The task: Check each line of the data below for the word "with", then extract the ones that have it.

Task data:

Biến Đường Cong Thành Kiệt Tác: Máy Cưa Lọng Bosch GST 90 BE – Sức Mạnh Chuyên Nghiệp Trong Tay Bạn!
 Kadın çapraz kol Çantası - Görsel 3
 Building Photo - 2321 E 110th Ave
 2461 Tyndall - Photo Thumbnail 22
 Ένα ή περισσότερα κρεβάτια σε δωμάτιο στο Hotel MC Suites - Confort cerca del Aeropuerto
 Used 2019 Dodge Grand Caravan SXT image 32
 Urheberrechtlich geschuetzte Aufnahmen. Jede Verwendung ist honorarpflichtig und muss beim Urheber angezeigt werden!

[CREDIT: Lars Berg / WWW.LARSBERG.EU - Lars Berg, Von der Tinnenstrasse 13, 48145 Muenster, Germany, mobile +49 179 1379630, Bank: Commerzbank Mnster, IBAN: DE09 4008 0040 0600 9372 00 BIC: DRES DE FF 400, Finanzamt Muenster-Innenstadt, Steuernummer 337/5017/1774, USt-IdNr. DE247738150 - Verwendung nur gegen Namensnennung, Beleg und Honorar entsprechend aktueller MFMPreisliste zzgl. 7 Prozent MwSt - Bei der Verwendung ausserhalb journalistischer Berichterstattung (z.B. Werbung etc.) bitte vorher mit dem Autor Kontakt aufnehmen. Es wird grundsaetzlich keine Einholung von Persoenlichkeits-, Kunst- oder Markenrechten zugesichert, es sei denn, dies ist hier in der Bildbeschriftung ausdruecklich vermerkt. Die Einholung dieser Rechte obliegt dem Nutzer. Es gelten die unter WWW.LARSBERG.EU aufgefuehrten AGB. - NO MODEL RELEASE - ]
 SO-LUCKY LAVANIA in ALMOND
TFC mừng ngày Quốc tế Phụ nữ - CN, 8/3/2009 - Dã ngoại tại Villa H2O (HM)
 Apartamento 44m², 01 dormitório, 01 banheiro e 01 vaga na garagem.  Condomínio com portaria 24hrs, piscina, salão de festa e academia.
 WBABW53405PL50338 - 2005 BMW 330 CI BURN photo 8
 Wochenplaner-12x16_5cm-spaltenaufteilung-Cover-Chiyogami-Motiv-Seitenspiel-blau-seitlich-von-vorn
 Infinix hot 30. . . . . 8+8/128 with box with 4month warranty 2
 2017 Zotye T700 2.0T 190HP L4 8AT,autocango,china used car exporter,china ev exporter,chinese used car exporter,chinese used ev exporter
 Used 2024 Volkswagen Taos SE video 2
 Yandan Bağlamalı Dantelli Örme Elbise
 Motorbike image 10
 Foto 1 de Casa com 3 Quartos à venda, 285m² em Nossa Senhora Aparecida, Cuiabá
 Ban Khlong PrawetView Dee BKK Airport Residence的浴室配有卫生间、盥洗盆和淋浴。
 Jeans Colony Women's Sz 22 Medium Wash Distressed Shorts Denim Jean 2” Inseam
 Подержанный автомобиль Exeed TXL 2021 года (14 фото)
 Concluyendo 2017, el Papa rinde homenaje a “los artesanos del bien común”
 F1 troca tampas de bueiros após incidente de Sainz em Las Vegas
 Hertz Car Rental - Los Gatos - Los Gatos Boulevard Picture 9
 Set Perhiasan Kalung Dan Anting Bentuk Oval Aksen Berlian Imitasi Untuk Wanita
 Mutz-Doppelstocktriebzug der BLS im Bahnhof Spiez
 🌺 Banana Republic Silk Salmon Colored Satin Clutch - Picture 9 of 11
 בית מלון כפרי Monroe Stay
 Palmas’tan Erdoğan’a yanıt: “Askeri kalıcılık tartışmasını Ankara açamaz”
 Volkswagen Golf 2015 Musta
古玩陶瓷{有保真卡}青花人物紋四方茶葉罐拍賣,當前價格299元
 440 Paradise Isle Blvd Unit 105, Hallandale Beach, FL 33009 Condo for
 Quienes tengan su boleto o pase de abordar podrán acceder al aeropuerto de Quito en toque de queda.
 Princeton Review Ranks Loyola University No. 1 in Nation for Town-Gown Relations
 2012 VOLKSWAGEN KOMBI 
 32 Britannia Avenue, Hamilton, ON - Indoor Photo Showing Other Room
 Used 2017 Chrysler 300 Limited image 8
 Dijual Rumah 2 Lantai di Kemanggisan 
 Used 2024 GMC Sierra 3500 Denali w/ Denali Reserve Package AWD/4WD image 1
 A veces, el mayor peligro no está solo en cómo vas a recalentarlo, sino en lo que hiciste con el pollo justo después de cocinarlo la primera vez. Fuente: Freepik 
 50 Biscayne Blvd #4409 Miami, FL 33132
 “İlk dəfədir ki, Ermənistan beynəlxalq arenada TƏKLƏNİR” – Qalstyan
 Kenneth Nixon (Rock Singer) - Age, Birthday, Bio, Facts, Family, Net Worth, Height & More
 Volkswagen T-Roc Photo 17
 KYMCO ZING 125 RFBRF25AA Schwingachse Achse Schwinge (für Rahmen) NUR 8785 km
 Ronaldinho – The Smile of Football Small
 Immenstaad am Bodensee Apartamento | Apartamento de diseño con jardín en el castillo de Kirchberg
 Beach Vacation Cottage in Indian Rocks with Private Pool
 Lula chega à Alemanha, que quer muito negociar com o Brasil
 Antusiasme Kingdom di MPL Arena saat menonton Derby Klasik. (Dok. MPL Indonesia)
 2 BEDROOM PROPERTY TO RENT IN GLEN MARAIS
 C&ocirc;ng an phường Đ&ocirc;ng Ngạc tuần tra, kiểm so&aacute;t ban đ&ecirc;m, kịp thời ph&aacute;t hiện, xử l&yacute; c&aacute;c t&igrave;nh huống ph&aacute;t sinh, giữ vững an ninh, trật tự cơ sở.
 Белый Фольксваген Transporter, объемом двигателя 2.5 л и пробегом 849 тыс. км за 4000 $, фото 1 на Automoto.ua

Exercise result:
 Infinix hot 30. . . . . 8+8/128 with box with 4month warranty 2
 Beach Vacation Cottage in Indian Rocks with Private Pool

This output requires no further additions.